This timely book offers the little-known stories of 18 white Americans from the 18th century to the present who broke with a racist culture to become allies in the struggle for racial justice. The point is not to portray these people as leaders or heroes of this ongoing struggle but to challenge the idea that racial justice is only a concern for people of color. Drick Boyd shows that there are and have been white people who took up this challenge, often at great risk--and that their example can offer instruction and inspiration to others.
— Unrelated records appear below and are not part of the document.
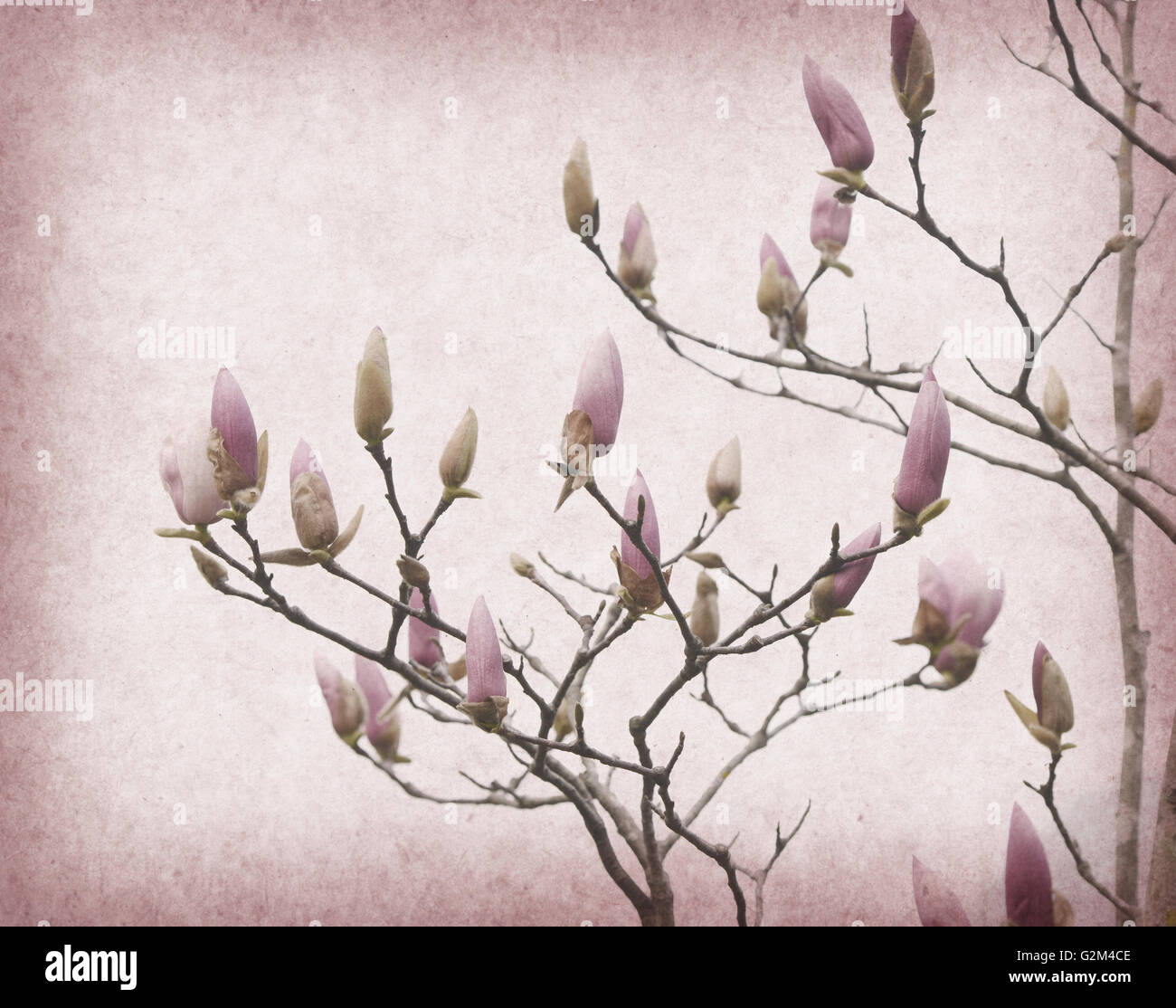 Pink magnolia flowers on old paper background Stock Photo - Alamy
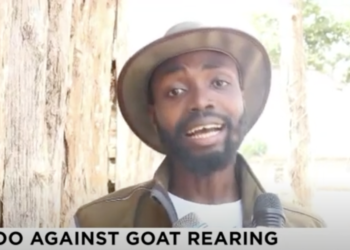 Livestock farmer faces eviction over local taboo despite GH¢1m investment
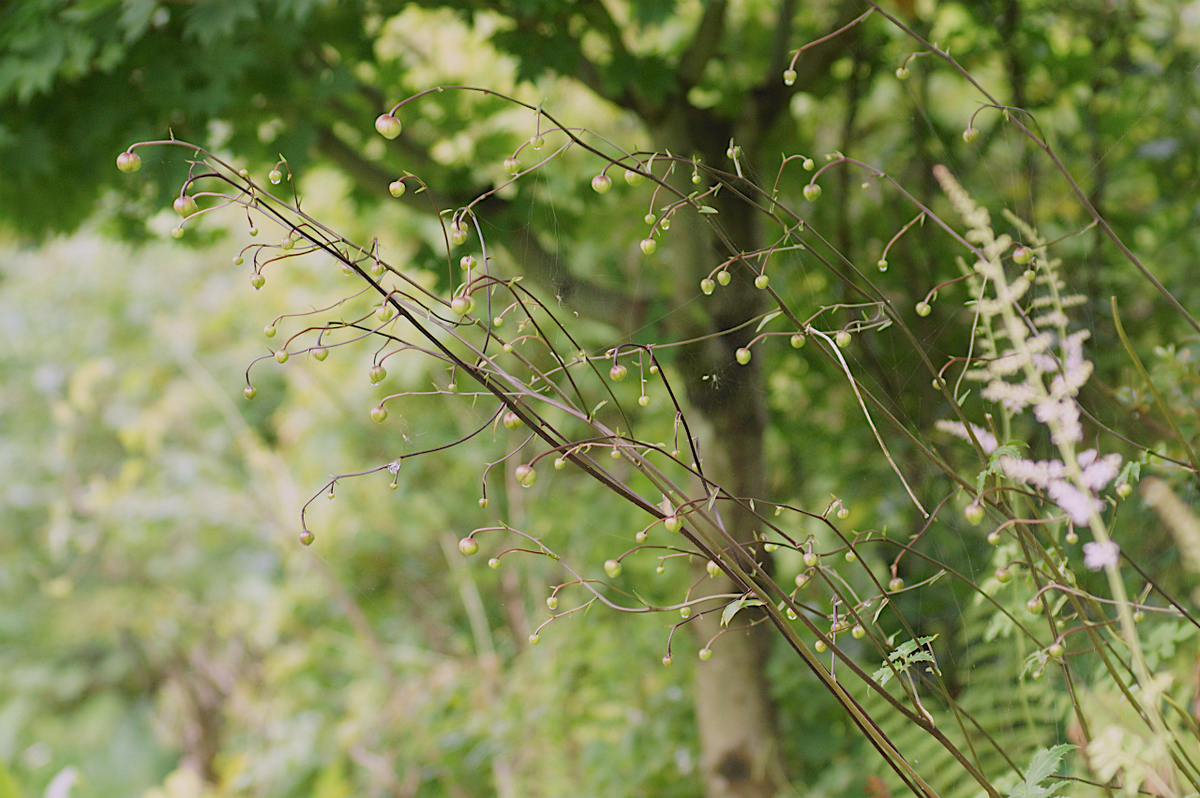 f:id:masatdm1951:20190715193132j:plain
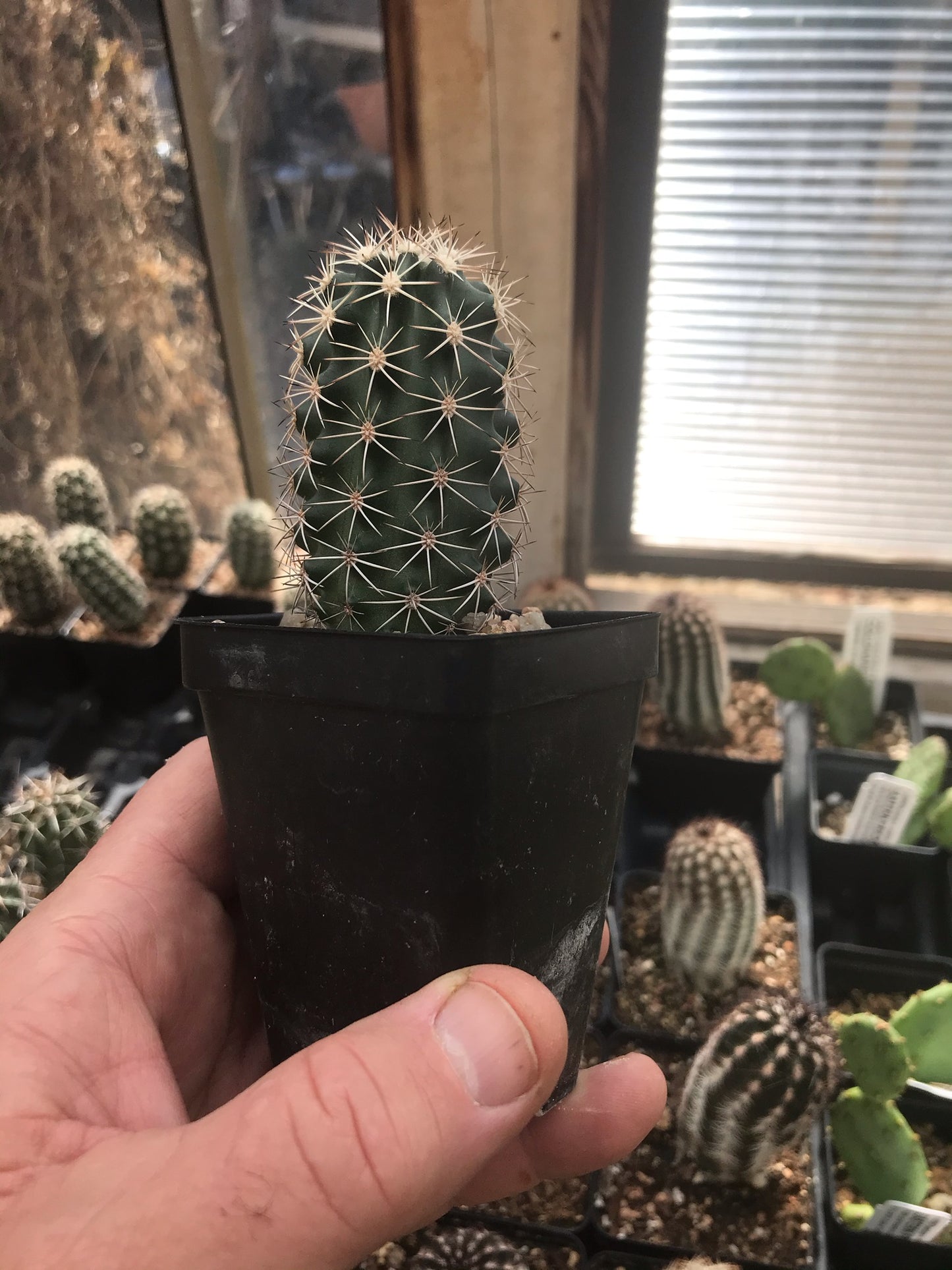 EC024: 'Purple Marvel' Echinocereus fendleri x caespitosus COLD HARDY CACTUS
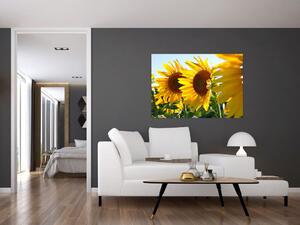 Obraz slnečníc na stenu (Obraz 60x40cm)
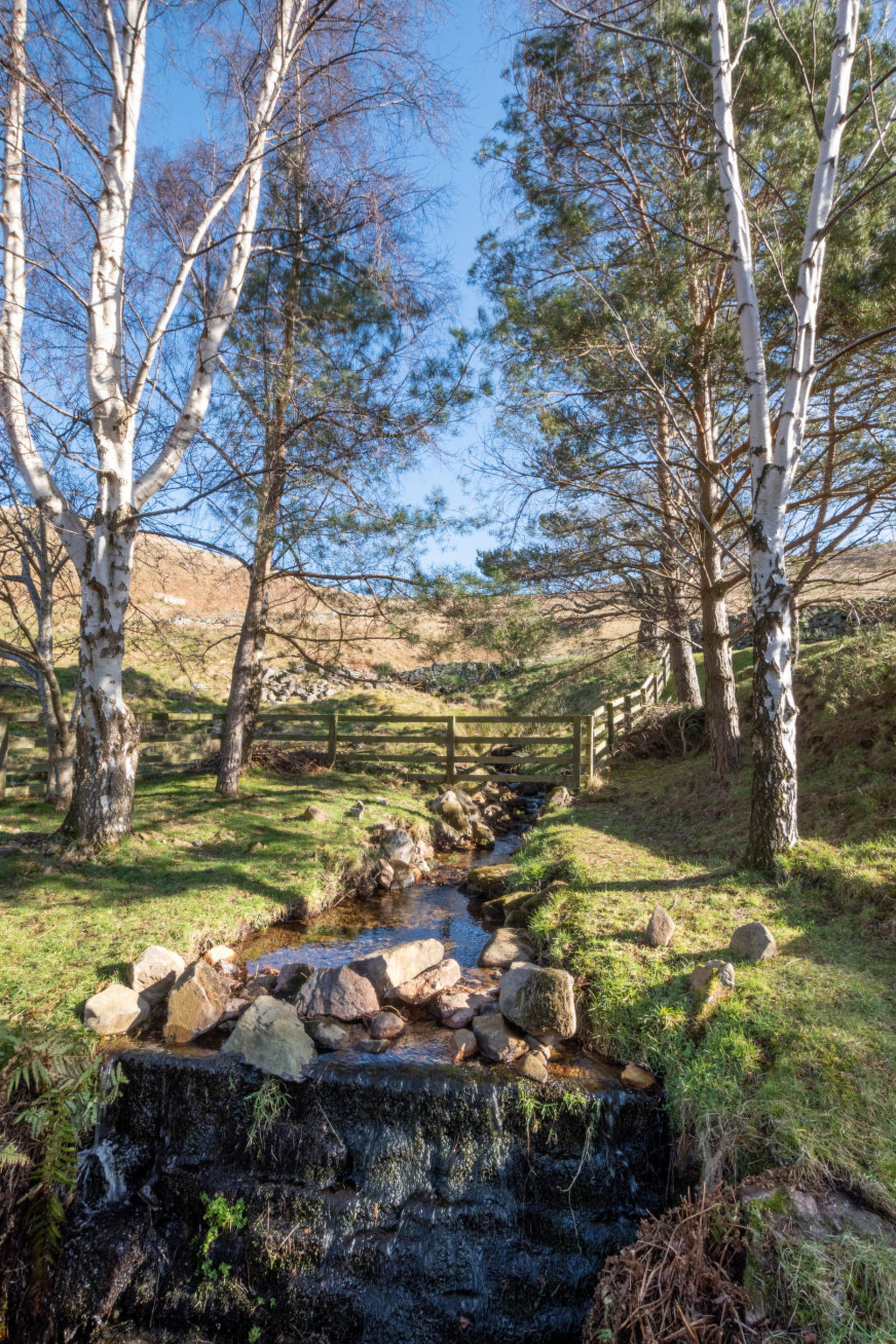 Photo 34 - 2 bedroom House in Wooler with garden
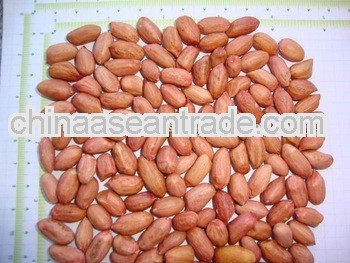 Fresh Stock Of Peanuts Benin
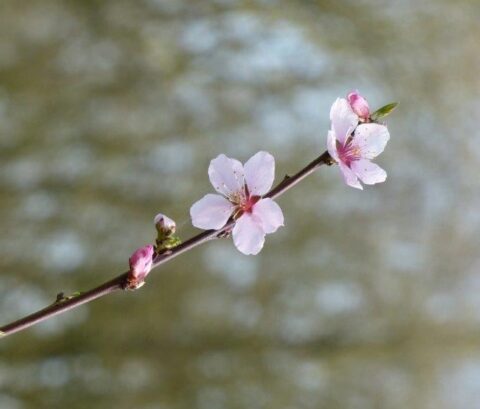 Twijg met roze bloesems op een wazige, groene achtergrond.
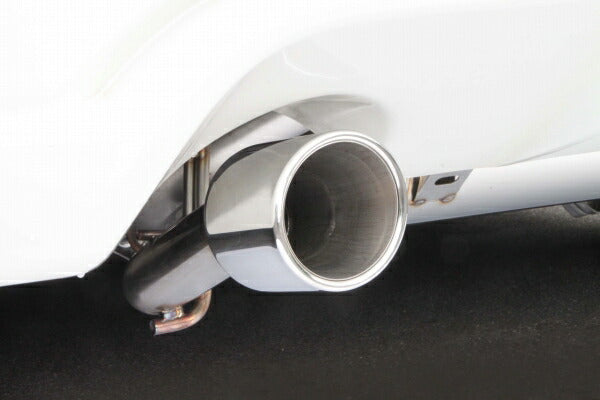 FUJITSUBO AUTHORIZE R typeS ニッサン フェアレディZ CBA-Z34 2009/06〜2013/06 550-15493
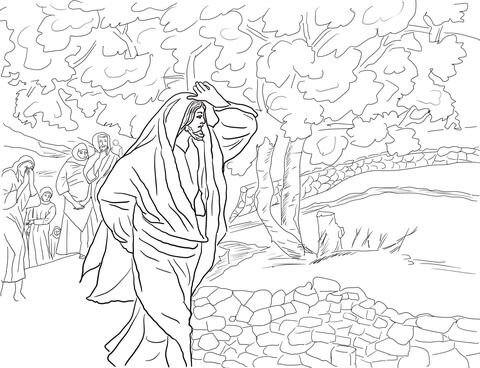 Jesus Curses the Fig Tree Coloring page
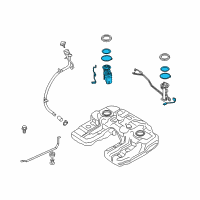 OEM 2015 BMW X6 Fuel Pump In Tank Pump And Filter Diagram - 16-11-7-212-585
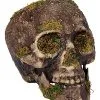 Spirit Halloween Moss Skull -Deals Shop By Theme Store 01477157 a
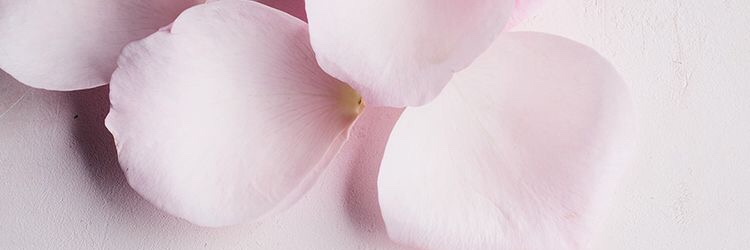 PrisciPortillo's profile banner image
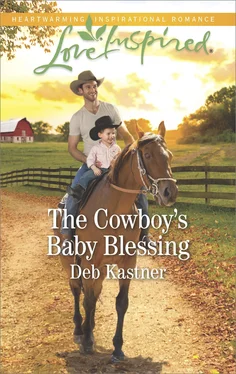 Deb Kastner The Cowboy's Baby Blessing обложка книги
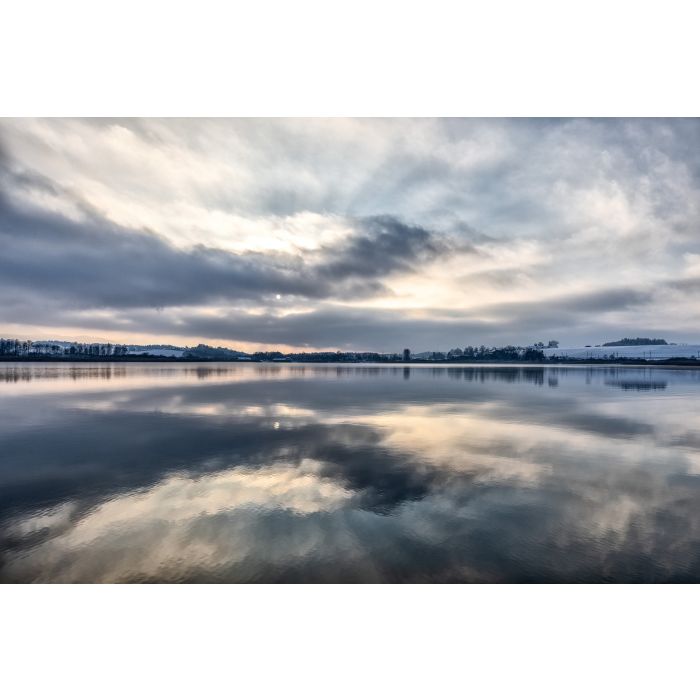 Alpakawanderung durch die Winterlandschaft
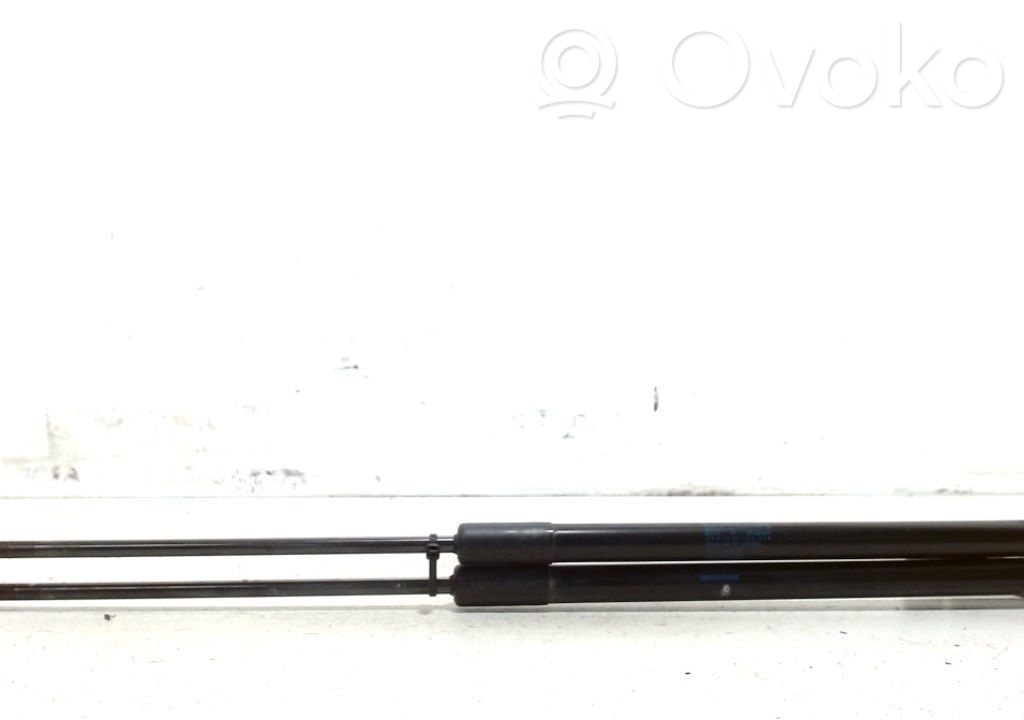 Citroen C4 Cactus Tailgate/trunk strut/damper 
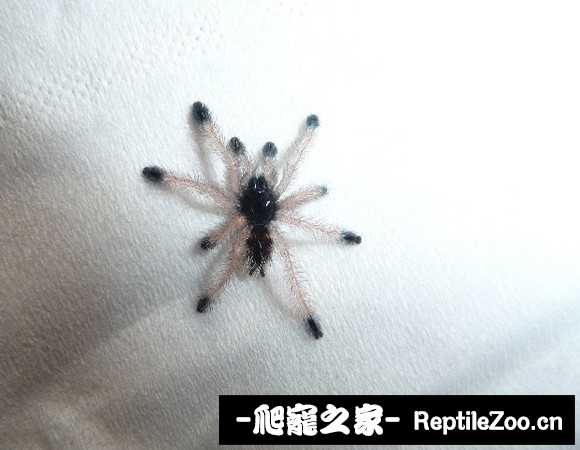 220528ujoapddic5ripqpe.jpg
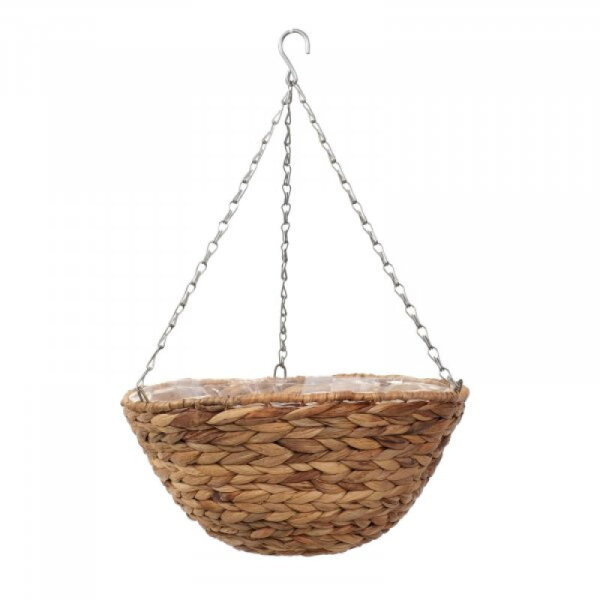 Hanging Basket Hyacinth 35cm 14"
At a time of renewed attention to the ongoing scourge of racial injustice in America, these stories are meant to motivate others to take action to oppose and dismantle racist practices and structures, on behalf of equality and human dignity.
Among those profiled are:
John Woolman, an eighteenth-century Quaker who set out on a personal mission to persuade his fellow Quakers to renounce complicity with slavery;
Angelina Grimke, a Southerner who left the South to join the abolitionist struggle;
Clarence Jordan, a Baptist preacher who founded Koinonia Farm, an interracial community in Georgia, and faced the wrath of the KKK;
Viola Liuzzo, a mother and housewife from Detroit who was killed by the KKK while participating in the freedom march in Selma, Alabama in 1963;
Morris Dees, founder of the Southern Poverty Law Center, who has fought white supremacist groups in the courts.
Also included are study questions for reading clubs, college courses, and adult education and church groups making this a key resource for educators and activists.